#### [Task]
Please count the lines in the records below that include the word "photo" and report only the total.

#### [Supplied material]
------------

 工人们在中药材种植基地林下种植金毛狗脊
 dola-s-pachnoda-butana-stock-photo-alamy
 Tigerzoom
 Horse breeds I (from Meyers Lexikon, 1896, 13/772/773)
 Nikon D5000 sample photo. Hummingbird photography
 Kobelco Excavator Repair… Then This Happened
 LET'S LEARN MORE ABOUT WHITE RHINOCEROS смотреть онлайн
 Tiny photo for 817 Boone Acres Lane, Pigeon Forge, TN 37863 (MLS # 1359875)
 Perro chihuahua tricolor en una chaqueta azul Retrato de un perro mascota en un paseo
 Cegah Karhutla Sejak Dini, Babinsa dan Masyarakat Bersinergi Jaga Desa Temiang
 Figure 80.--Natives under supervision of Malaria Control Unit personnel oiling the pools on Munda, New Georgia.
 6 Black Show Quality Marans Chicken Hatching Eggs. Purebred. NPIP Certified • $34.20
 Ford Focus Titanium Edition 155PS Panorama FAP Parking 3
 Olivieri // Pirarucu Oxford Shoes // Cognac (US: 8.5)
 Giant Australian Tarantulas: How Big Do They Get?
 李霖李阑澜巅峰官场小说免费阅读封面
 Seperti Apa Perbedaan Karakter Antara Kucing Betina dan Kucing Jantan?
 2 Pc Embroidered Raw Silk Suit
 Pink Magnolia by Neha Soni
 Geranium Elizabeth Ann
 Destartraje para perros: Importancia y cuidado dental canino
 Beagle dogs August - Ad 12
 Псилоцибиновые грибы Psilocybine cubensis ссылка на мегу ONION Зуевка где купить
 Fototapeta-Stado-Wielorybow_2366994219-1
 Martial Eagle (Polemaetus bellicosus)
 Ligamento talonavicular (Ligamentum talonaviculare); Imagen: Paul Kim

------------

#### [Worked solution]
3